NYC Missing Out on Millions in Revenue From Tax-Exempt Stadiums: IBO
By Rebecca Baird-Remba March 30, 2023 11:56 amreprints
As the New York state legislature considers repealing Madison Square Garden’s permanent tax exemption, the city’s Independent Budget Office found that all four of the city’s tax-exempt sport stadiums are likely costing taxpayers hundreds of millions in forgone revenue.
The Garden’s tax break costs the city about $42 million a year in missed revenue, since the New York City Department of Finance pegged the arena’s value at $867 million. Meanwhile, the fair market values for Yankee Stadium, Citi Field and Barclays Center are $2.6 billion, $3.2 billion and $2.6 billion, respectively, and their 2023 property tax bills would be $115 million, $121 million and $99 million, respectively.
Madison Square Garden has always stood out from the pack because it does not pay property taxes or payments in lieu of taxes (PILOTs) like the others, thanks to an accidentally permanent deal negotiated in 1982. At the time, Mayor Ed Koch thought he was authorizing a decade-long abatement, as the New York Times reported in 2002.
“I went to bed at night believing it was a 10-year abatement. There’s no question,” Koch told the paper.
City and state officials OK’d a $5 million annual tax break for 10 years in 1982, along with an exemption on electricity designed to save the arena “at least $360,000 a year,” according to the Times.

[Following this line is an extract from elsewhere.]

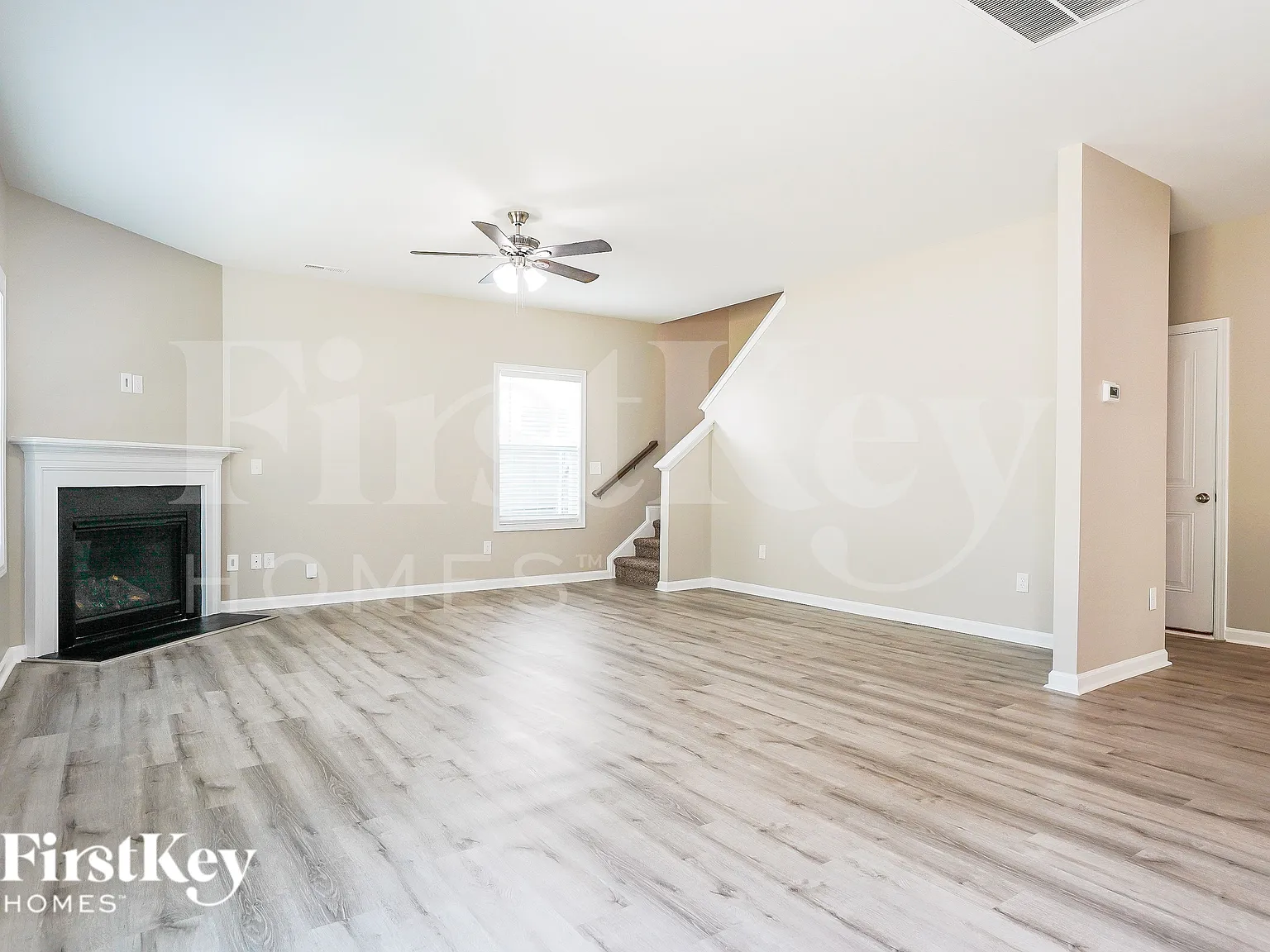 5 bed, 3.0 bath, 2911 sqft, $2,680 — Photo 2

Legislators believed they needed the deal to prevent the New York Rangers and the New York Knicks from leaving the city.
The situation with the city’s three other stadiums is a bit more complex, because their owners financed construction with tax-exempt bonds issued by the city and state. Yankee Stadium, Citi Field and the Barclays Center do not pay traditional property taxes, but instead pay PILOTs aimed at paying down the debt service on their bonds. The Garden, meanwhile, financed its construction through private loans in the late 1960s.
“For the other stadiums, the use of tax‐exempt bonds creates an incentive for the stadiums to have their properties assessed at a higher value, providing more security for the debt,” IBO noted.

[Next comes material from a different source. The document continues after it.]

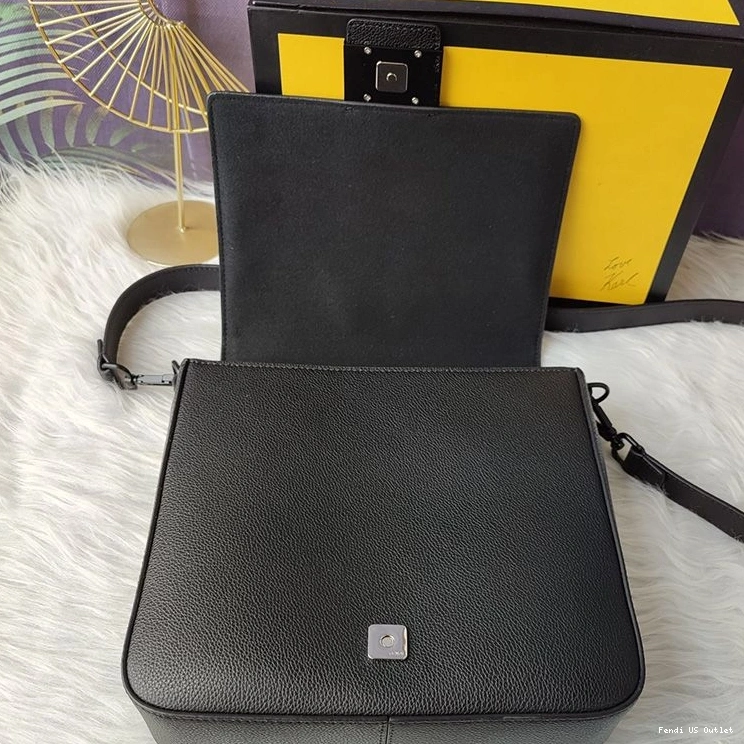 Cheap HOT In Romano Fendi Baguette Black Cuoio Leather Medium Messenger 0718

Instead of taxes, Yankee Stadium paid $84 million in PILOTs, Citi Field paid $44 million, and Barclays Center paid $39 million this year. These payments don’t go directly to the city, because they go to bondholders to pay down the stadiums’ debt service, according to IBO.
MSG has been on the radar recently as its current city permit is set to expire July 24. There have been talks to move the Garden to a different location as part of Gov. Kathy Hochul’s efforts to renovate Pennsylvania Station, which MSG sits on top of. Meanwhile, Democrats in the New York State Senate have pushed a proposal to end MSG’s tax exemption in their budget resolution.